#### Information provided:
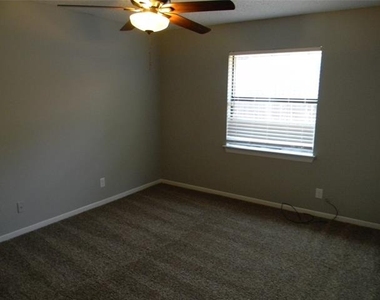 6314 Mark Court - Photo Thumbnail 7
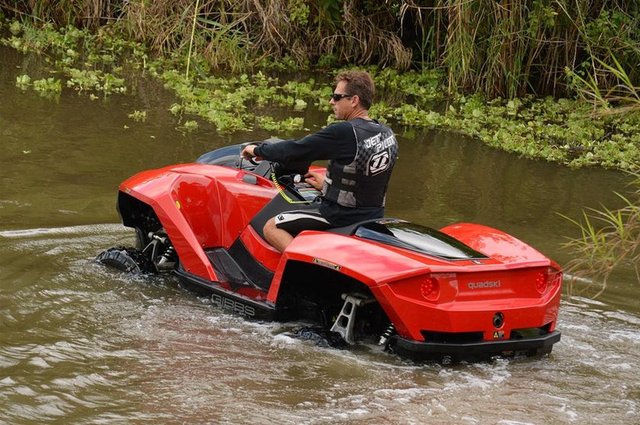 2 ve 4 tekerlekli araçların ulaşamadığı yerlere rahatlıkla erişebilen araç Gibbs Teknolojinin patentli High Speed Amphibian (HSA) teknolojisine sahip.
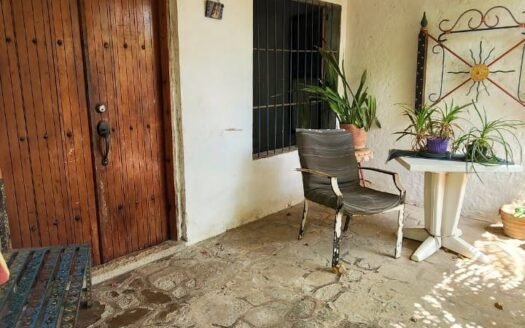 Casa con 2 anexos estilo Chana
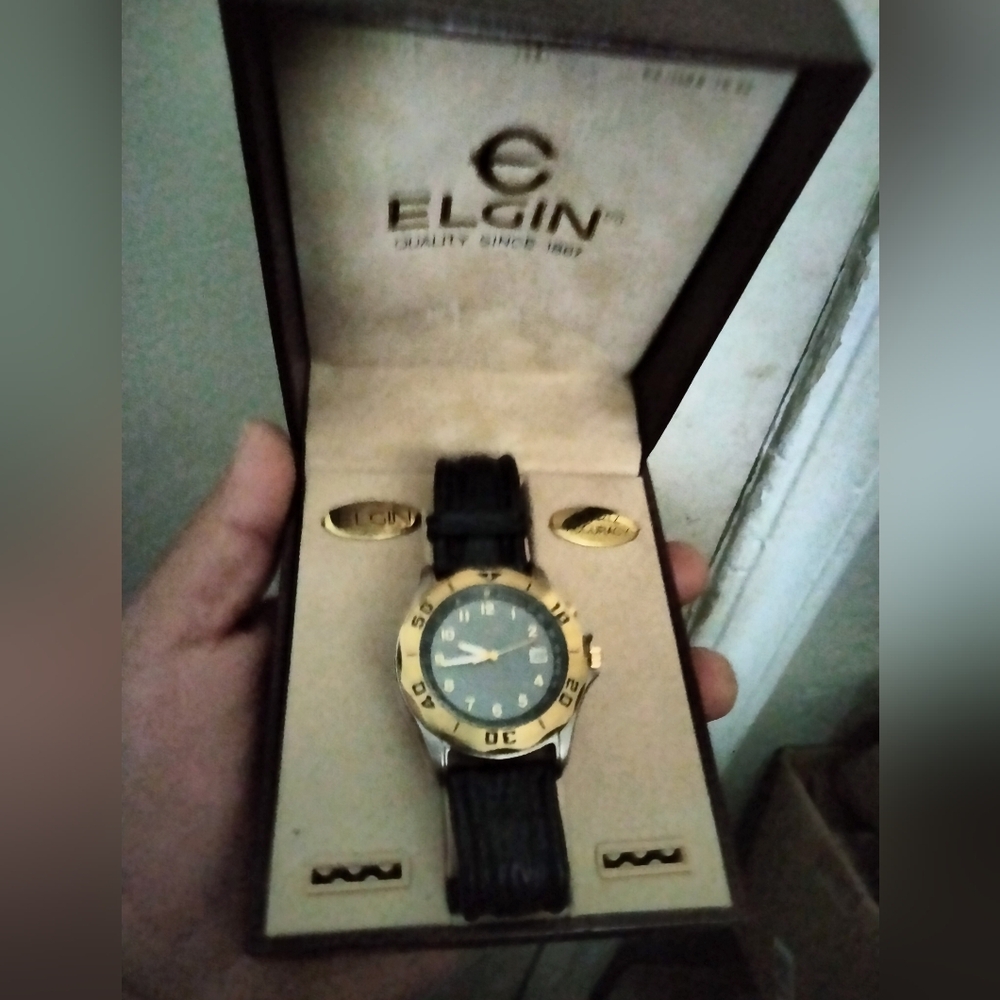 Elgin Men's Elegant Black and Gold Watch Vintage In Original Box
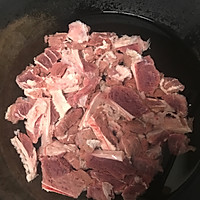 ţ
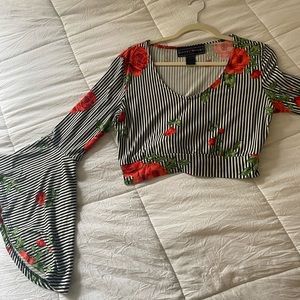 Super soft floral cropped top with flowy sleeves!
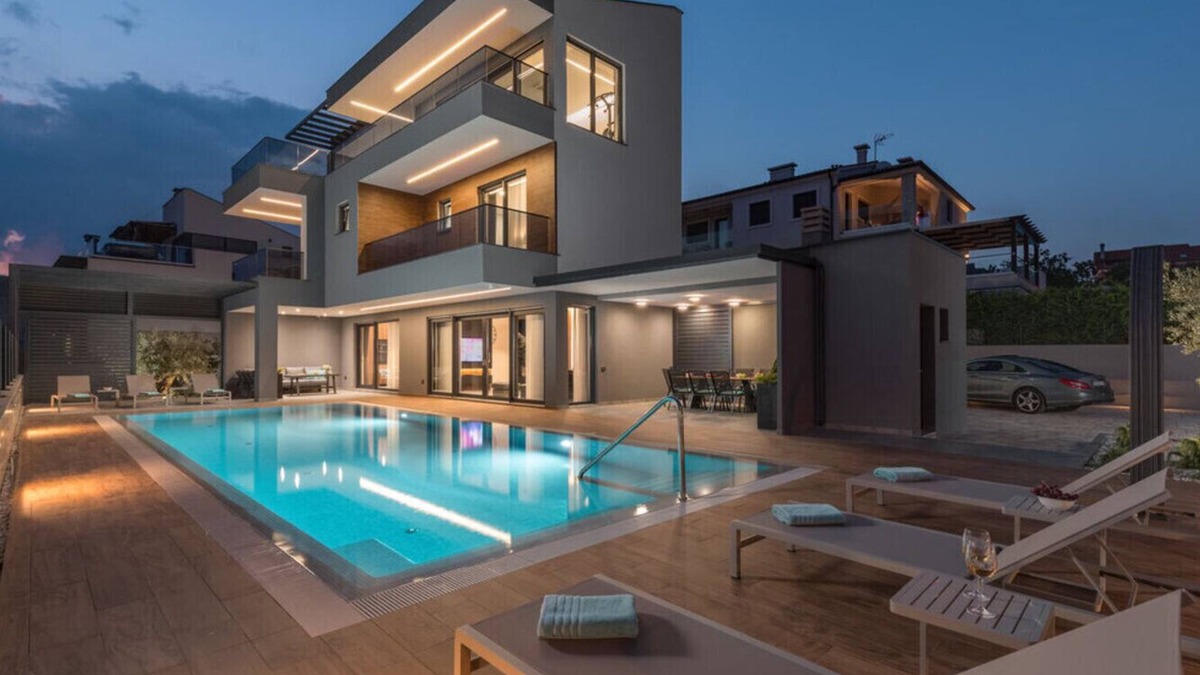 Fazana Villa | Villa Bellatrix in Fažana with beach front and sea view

#### Exercise objective:
An exact copy of the material is required, minus the pictures.

#### Task solution:
 6314 Mark Court - Photo Thumbnail 7
 2 ve 4 tekerlekli araçların ulaşamadığı yerlere rahatlıkla erişebilen araç Gibbs Teknolojinin patentli High Speed Amphibian (HSA) teknolojisine sahip.
 Casa con 2 anexos estilo Chana
 Elgin Men's Elegant Black and Gold Watch Vintage In Original Box
 ţ
 Super soft floral cropped top with flowy sleeves!
 Fazana Villa | Villa Bellatrix in Fažana with beach front and sea view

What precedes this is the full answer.